Wichita police say the current economy is affecting some crimes in the community.
"I think we're dealing with pause in metal thefts," says WPD Captain Darrell Haynes.
Haynes says with popular metals - like aluminum and copper - trading well below prices just one year ago, fewer criminals are interested in the time and effort needed to steal it.
Instead, other larcenies appear to be on the rise -- up 3% in 2008 alone.
"Right now we're seeing a lot of identity thefts," says Haynes. "Stealing from cars; stealing from mailboxes." He says common sense is a good way to protect yourself.
Police say never leave any items of value in your car. Haynes says many crooks are more interested in your ID, checkbook and credit cards than a radio or GPS.

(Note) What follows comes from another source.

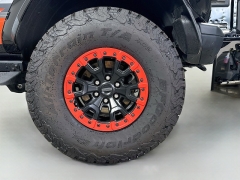 Used 2024  Ford Bronco Raptor 4 Door Advanced 4x4 at Dutro Auto near Zanesville&comma; OH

And with tax season upon us, Haynes says it's best to have your refund deposited directly into a bank account. Having it sent to your mailbox makes you an easy target for thieves, some of whom are known to trail postal workers.
If you are mailing items out that contain personal information, Haynes says it's best to use a drop-box at the post office. Putting it in your mailbox and raising a flag is a giveaway to thieves.

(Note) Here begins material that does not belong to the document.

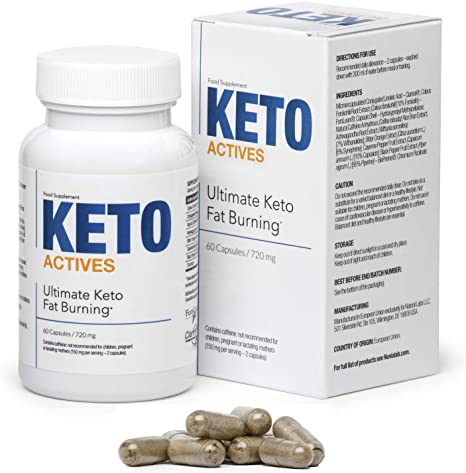Keto Actives Customer Reviews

Property crimes are driven in large part by drugs. The street prices for cocaine and meth have been one of the few constants in the struggling economy, Haynes says.
Last winter, police were asking for the public's help solving several large metal thefts. Tens of thousands of dollars in damage was done to light-poles in a West Wichita baseball park. Several schools were also hit.
Haynes says it's hard to put a finger on the exact number of crimes under the umbrella of larceny, and he says it's hard to prove the economy is causing other crimes to go up.
But he says overall reports of metal thefts have dropped along with the market value of the most popular metals, some of which are down 50% or more.
Kamen had a security system installed years ago to protect against thieves. He says he's had very few problems since.
But he and police say as the economy -- and metal prices -- rebound, don't be surprised if the thefts start again.